The basics of plot are all there. First, I looked at the overall structure. A good story has three acts. In a Hollywood script these are the Set-up, the Confrontation, and the Resolution. In a 120-page script, there will be a spin point on or about page 30 that send the story from the Set-up to the Confrontation. Likewise at about page 90 there will be a spin point that sends the story into the Resolution. The Da Vinci Code has a similar structure.

A fourth of the way into the book takes you to about page 125 of this 490 page book or to the 26th of the 105 chapters. What's happened to then? Jacques Sauniere has been killed in the Louvre in a prologue that introduces the villain, the threat and the story objective. The balance of society has been disturbed.

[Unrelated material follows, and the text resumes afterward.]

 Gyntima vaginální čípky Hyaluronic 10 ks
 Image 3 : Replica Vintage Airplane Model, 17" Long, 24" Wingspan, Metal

Next we meet Robert Langdon and learn something of his ordinary world. He is an academician filled with arcane knowledge on a speaking tour. He is woken out of bed at an early hour by a French police detective who informs him of the murder. In mythical terms, the detective is the herald bringing the call to adventure. Langdon's first response is to refuse the call. He knows nothing of the murder, but goes with the police at their insistence.

At the same time we meet the villain who is also given a mission by an unknown mentor.

At the Louvre we meet Bezu Fache, a threshold guardian, who intends to arrest Langdon for Sauniere's murder. He takes Langdon to the crime scene. Shortly after, they are joined by a police cryptologist, Sophie Neveu. She and Langdon form a team of protagonists. She wants to get Langdon away, out of the reach of Fache, but before she can get him away, she remembers one of the cryptic messages that Sauniere left at the scene and realizes he was trying to tell her something about the Mona Lisa. This is the second call to adventure and she answers it, returning to the Louvre.

Meanwhile, Langdon is about to escape to the American Embassy, when he too recognizes something in the cryptic message--two letters, PS, for Priory of Scion, a secret sect withwhich he's familiar. This is his second call and he, too, returns to the Louvre.

Both Langdon and Neveu have now passed through the doorway from setup to the confrontation. Before they can complete the passage, however, they must get past another threshold guardian, a security officer at the Louvre. In many stories, getting past or overcoming such a threshold guardian marks the end of Act I.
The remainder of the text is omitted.